Это была не единственная наука, своим рождением обязанная главному герою романа Бэнвилла. В том же ряду стоит упомянуть и геометрическую оптику, и кристаллографию. Однако страстное желание Кеплера поддержать свои теоретические постройки мистической идеей мировой гармонии и оккультным принципом «скрытых влияний» привело бы в негодование любого позитивиста эпохи классической науки, хотя нашему современнику оно снова кажется не таким уж и диким. Кеплер, в отличие от других важных акторов Научной революции, не опережал свое время, что часто бывает с гениями, но и не отставал от него, — он точно соответствовал ему. Как никто другой.

Кажется, что он стоит на распутье, все еще не в силах проститься с живым и полным воли космосом XVI века, но уже полный предчувствий сухого рационализма наступающего XVII века. И словно какая-то неведомая сила, вопреки его собственной воле, влечет его от прошлого к будущему. Не случайно Артур Кестлер, открывший этого удивительного героя для литературы ХХ века, назвал посвященный ему роман «Водораздел», сделав его частью цикла «Сомнамбулы». Бэнвилл прямо указывает на Кестлера как на непосредственного своего предшественника, да и влияние «Водораздела» на «Кеплера» чувствуется буквально на каждой странице.

Кестлер пишет о том, что последний, юбилейный год XVI века ознаменовался двумя важными событиями, одно из которых наделало много шума и известно почти каждому — это сожжение на площади Цветов Джордано Бруно, а второе осталось почти никем не замеченным и прошло очень тихо — это приезд Кеплера в Прагу. Однако на будущее развитие науки второе событие оказало гораздо более сильное воздействие, чем первое. У Бэнвилла Кеплер прямо, хотя и в шутку говорит об этом: «Я переехал в Прагу, разве этого мало для юбилейного года?» Кестлер подробно описывает, как Кеплер со своей обычной скрупулезностью подсчитывает достоинства и недостатки всех одиннадцати претенденток на освободившуюся вакансию жены бывшего придворного математика его императорского величества, и замечает: «Подсчет, очевидно, был проведен правильно. После заключения нового брака Кеплер ни разу не упоминает имени жены в переписке, откуда мы можем сделать вывод, что брак был счастливым». Бэнвилл выводит в своем романе молодую и любящую жену, окружившую стареющего и больного ученого сочувствием и заботой.

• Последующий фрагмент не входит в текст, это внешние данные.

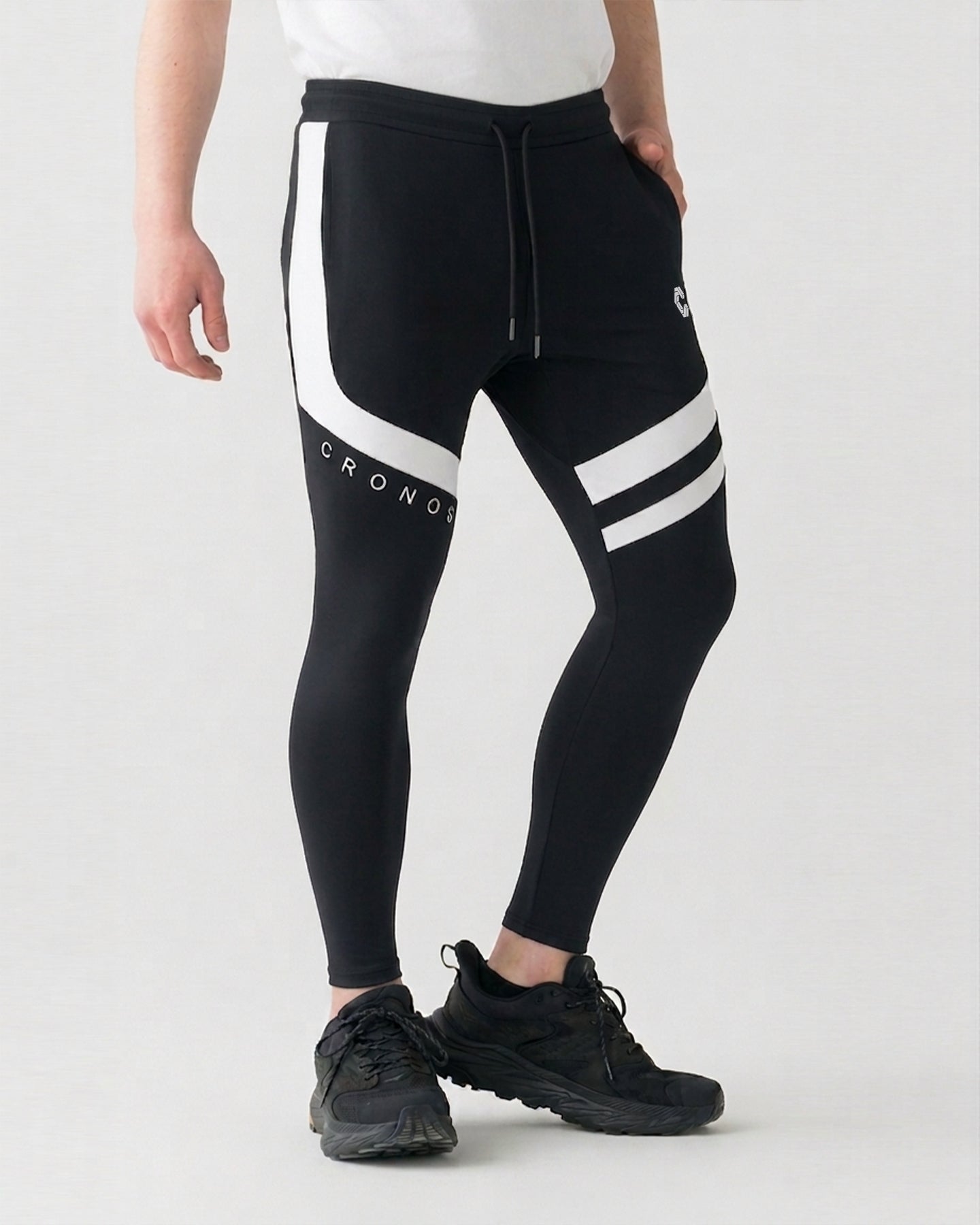 美品！CRONOS スキニーパンツ CRONOS DAILY ACTIVE SKINNY PANTS【BLACK】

Вообще — и это вполне понятно — в романе внимание читателя привлечено главным образом к личной жизни ученого (у Кестлера она остается все-таки на втором плане). Понятно — не только по законам жанра, но и потому, что сам Кеплер во множестве своих заметок и писем дал обилие портретов своих родственников и зарисовок из своей личной жизни. От него самого мы знаем и о странностях его отца, воевавшего то на стороне протестантов, то на стороне католиков, то пускавшегося в сомнительные коммерческие авантюры — например, открывая трактир. От него же мы узнаем и о его сожженной на костре ревностных лютеран тетке-колдунье и о матери, в молодости экспериментировавшей с галлюциногенными отварами, которые она подмешивала в питье посетителям этого самого трактира, чтобы понаблюдать за эффектом, а в старости чуть было не отправившейся по стопам своей сестры и просидевшей целую зиму прикованной цепью к городским воротам в ожидании суда. По счастью, высокое положение сына при дворе императора Рудольфа II и ловкий стряпчий, нанятый им же, сделали свое дело: суд завершился полным оправданием обвиняемой, несмотря на то что обвинения нельзя считать уж совсем беспочвенными. Весь этот обширный биографический материал был использован автором с блеском, но и без наглости.

Было бы странно и невозможно совсем не упомянуть о других великих, окружавших Кеплера. И тут всякому приходится признать — что и делает Бэнвилл — некоторый проигрыш Кеплера рядом с Тихо Браге и Галилео Галилеем в его значении и, главное, известности для потомков, но — при безусловном выигрыше в том, что касается личных качеств и отношения к жизни. Земной путь Кеплера был полон событий страшных, порой трагических, всегда мучительных и неизменно удалявших его от столь вожделенного душевного комфорта. И он был пройден как единое романтическое путешествие в поисках истины, полных не знающей сомнения веры в нее.

Бэнвилл Дж.Кеплер / пер. с англ. Е. Суриц. – М.: Текст, 2008. – 288 с.